─── Data supplied ───

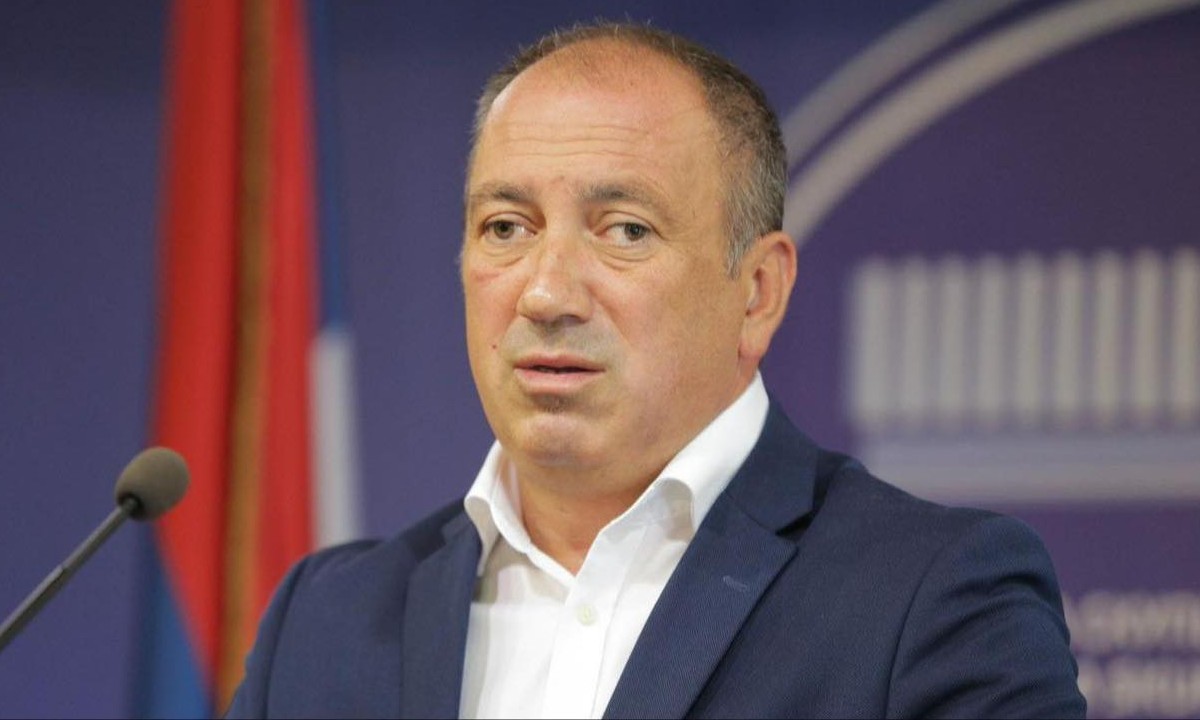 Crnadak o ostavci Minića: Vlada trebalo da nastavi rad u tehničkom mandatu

───
─── Data supplied ───

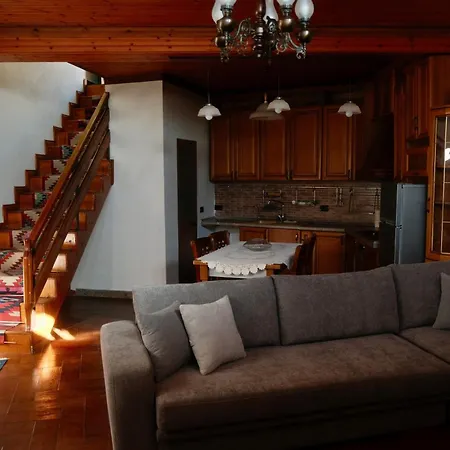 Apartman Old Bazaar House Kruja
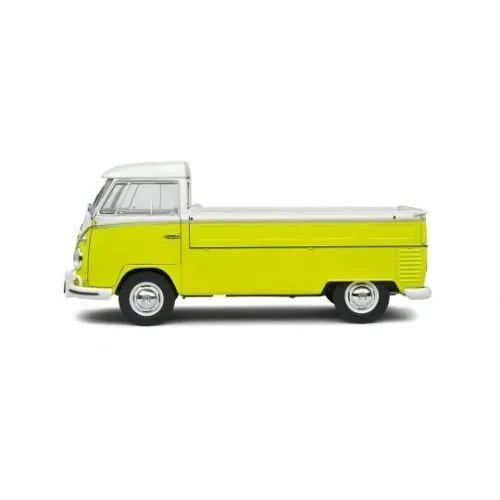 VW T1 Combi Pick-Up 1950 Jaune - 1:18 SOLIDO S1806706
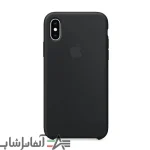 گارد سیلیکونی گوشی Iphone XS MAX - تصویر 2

───

Exact copy, pictures excluded: every line above from the one containing "VW T1 Combi" to the one containing "گارد سیلیکونی گوشی Iphone XS MAX - تصویر 2", inclusive, and nothing more.

▸ Answer:
 VW T1 Combi Pick-Up 1950 Jaune - 1:18 SOLIDO S1806706
 گارد سیلیکونی گوشی Iphone XS MAX - تصویر 2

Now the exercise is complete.